• Exercise:
I need the lines below from the one with "Arrival Long Sleeve" down to the one with "Stratford upon Avon" reproduced exactly, both ends included, and nothing else.

Records from a dataset:
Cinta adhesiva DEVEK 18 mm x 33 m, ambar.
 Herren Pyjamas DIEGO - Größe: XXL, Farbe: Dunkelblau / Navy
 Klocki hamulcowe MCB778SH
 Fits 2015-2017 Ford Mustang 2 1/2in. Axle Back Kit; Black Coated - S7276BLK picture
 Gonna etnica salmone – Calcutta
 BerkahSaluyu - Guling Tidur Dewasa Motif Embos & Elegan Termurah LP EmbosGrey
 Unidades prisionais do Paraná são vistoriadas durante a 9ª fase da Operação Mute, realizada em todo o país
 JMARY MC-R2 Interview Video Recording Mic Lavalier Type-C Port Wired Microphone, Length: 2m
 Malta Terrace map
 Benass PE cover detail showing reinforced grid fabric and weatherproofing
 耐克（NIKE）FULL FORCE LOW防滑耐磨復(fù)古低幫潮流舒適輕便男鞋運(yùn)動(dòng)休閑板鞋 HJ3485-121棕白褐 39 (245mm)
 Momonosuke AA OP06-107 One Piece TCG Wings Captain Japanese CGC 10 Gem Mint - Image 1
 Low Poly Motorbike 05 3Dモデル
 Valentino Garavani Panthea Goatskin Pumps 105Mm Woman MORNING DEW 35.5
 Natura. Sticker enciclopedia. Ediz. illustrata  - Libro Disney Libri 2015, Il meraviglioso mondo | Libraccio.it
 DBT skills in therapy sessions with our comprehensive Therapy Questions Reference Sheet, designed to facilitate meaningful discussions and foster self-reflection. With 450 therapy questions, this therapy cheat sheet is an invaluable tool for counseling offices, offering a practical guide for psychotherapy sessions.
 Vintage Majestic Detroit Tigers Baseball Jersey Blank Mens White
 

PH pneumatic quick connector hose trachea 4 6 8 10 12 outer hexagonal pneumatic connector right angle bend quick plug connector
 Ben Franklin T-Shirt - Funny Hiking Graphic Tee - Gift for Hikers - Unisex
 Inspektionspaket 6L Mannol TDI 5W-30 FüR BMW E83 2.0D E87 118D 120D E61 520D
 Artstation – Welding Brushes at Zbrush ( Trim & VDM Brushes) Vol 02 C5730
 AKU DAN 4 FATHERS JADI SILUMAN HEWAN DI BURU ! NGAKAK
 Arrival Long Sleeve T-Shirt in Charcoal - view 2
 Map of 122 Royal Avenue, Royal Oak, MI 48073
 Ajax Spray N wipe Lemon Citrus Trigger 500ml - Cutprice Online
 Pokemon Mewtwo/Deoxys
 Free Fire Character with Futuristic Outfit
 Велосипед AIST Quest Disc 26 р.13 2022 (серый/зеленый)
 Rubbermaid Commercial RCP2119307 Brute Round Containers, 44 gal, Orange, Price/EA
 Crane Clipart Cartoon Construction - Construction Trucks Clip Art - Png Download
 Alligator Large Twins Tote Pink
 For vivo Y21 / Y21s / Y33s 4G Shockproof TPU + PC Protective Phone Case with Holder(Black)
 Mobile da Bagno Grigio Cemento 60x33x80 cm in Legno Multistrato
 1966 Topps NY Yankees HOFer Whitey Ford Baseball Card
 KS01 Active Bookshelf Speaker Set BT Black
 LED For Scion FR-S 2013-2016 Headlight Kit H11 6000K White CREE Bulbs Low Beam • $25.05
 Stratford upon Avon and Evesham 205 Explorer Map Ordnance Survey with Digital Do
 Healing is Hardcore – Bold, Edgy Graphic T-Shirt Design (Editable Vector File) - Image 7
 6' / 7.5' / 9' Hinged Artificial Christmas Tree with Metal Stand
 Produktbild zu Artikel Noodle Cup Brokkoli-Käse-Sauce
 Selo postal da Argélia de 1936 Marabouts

• Task response:
 Arrival Long Sleeve T-Shirt in Charcoal - view 2
 Map of 122 Royal Avenue, Royal Oak, MI 48073
 Ajax Spray N wipe Lemon Citrus Trigger 500ml - Cutprice Online
 Pokemon Mewtwo/Deoxys
 Free Fire Character with Futuristic Outfit
 Велосипед AIST Quest Disc 26 р.13 2022 (серый/зеленый)
 Rubbermaid Commercial RCP2119307 Brute Round Containers, 44 gal, Orange, Price/EA
 Crane Clipart Cartoon Construction - Construction Trucks Clip Art - Png Download
 Alligator Large Twins Tote Pink
 For vivo Y21 / Y21s / Y33s 4G Shockproof TPU + PC Protective Phone Case with Holder(Black)
 Mobile da Bagno Grigio Cemento 60x33x80 cm in Legno Multistrato
 1966 Topps NY Yankees HOFer Whitey Ford Baseball Card
 KS01 Active Bookshelf Speaker Set BT Black
 LED For Scion FR-S 2013-2016 Headlight Kit H11 6000K White CREE Bulbs Low Beam • $25.05
 Stratford upon Avon and Evesham 205 Explorer Map Ordnance Survey with Digital Do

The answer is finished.